她冷冷的声音,压抑着某种无法言诉的痛楚。也许这一切,真的到了该了结的时候了。

沉重的殿门,缓缓开启,苏漓一脚踏出,冷风呼一下刮在脸上,如利刃切割肌肤般的疼痛直入心底。厚重的衣摆被风掀起,迎空飞舞,似有一股无形的力量阻在前头,令她前行的脚步艰难至极,但她却一步未有稍停,直往前殿而去。

东方濯走在她身旁,步伐稳健,衣袂生风,表情冷峻阴沉。黎奉先则随在他们身后,目光望向两人背影,神色晦暗不明。

文武百官都已聚首前殿,听说很快有圣旨到,大家交头接耳,猜测纷纷。

东方泽负手立于众人之外,视线投在皇帝寝宫方向,看起来面色如常,目光却明灭不定,愈发深沉难测。

“圣旨到——”一声尖细的唱喝,自门外传来。

众人立即面色一整,忙分列两侧,高执躬身立在门前,恭请苏漓等人入殿。

苏漓手捧锦盒,缓步踏上门前石阶,殿内的面孔,一张张映入眼帘,她彷如不见,唯有那张曾经熟悉无比、此刻却万分陌生的俊颜,在她眼中定格。

她走到他面前,停住。

东方泽那一霎那表情变幻莫测,望了眼她手中的锦盒,没想到来宣旨的人,会是她。而她平日里温柔熟悉的目光,此时冷漠如冰,夹杂着一抹复杂的痛楚,还有…两分几不可窥见的怨恨!他顿时心底一沉,扫了眼和她并肩站在一起的男人,只见东方濯目光阴狠,愤恨难抑,似乎想将他一举撕碎,却又强自隐忍。

“苏苏,发生何事?”沉厚好听的声音,一如平常,镇定平稳。

苏漓不答,一双眼冰冷地注视着他,目光锐利,仿佛要撕裂他的伪装。

这样的眼神,他在她眼中见过,望月湖的游船上,她看东方濯的时候。东方泽渐渐皱起了眉头,一种淡淡的不安,迅速充斥在他心底。父皇的寝殿里,究竟发生何事?竟然让她在这么短的时间内,对他生出如此深的敌意,仿佛与他有不共戴天之仇。

“苏苏,到底发生何事?”他不禁又问了一遍。疑惑道:“为何是你来宣诏?”

文武百官也尽露出惊讶疑惑之色。东方濯往身后扫了一眼,高执忙上前恭声应道:“回王爷话,这是陛下的旨意。明曦郡主,快请宣诏吧。
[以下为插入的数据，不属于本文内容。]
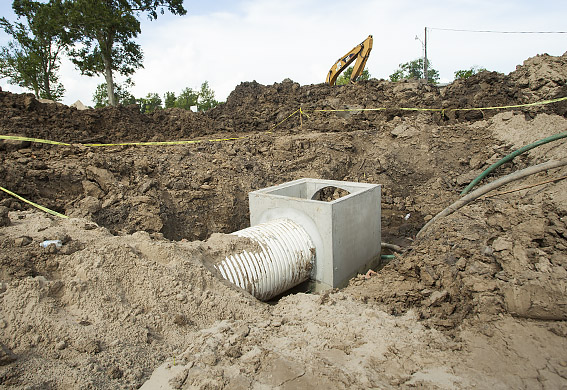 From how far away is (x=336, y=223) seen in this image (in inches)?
197

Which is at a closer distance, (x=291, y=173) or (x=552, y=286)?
(x=552, y=286)

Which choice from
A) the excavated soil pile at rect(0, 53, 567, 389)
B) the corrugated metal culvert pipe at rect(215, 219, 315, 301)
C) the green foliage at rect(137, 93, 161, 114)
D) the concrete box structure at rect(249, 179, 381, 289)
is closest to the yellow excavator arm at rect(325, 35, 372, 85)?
the excavated soil pile at rect(0, 53, 567, 389)

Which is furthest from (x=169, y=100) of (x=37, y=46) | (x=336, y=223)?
(x=336, y=223)

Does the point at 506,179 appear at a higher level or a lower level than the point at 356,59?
lower

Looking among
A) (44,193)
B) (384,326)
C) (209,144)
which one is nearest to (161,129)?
(209,144)

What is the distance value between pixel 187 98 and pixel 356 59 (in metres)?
26.8

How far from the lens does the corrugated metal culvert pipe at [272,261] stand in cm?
421

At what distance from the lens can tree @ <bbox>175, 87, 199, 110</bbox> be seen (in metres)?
36.4

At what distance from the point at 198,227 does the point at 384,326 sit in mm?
4669

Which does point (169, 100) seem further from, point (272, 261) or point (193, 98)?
point (272, 261)

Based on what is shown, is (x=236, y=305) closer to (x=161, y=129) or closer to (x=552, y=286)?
(x=552, y=286)

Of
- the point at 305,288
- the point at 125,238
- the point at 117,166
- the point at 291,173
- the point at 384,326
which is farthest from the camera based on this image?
the point at 291,173

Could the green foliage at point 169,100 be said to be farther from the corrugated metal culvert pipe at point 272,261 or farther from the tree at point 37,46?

”

苏漓仿若不闻,目光仍旧直直投注在东方泽脸上,似要穿透时光,将他们之间曾有过的点点滴滴统统望尽。从猜疑防备到全心信赖,每一步走得多艰难,只有她自己知道。但如果…这一切都是他的阴谋诡计,那这些日子里的他的温柔、信任、爱恋…难道通通都是假的吗?不,她不信!她的心和感觉,不会欺骗她。

深深地吸了一口气,她的目光一眨不眨地看着他,慢慢道:“东方泽,我有一句话问你。”

她叫他“东方泽”,而不是“镇宁王”!那眼中骤然而起瞬间又灭的挣扎,没有逃过东方泽的眼睛,他的心,忽地被她的眼睛抓得死紧,轻轻点了一下头,柔声道:“你说。”

“浸过血的凤血灵玉,能改变女子脉象,令处子也能显示喜脉。此事,你…可知晓?”

第三十九章 你才是幕后真凶!

一字一字,语声虽轻,却仿佛用尽她平生力气。她定定地望着他一张俊颜,不放过任何一个细微的表情变化。

东方濯脸色倏然一沉,事实摆在眼前,她竟然还不愿意相信!她竟然还以这样公开的方式,去向他求证!他心下一痛,她对他的感情,真的已经到了难以改变的境地?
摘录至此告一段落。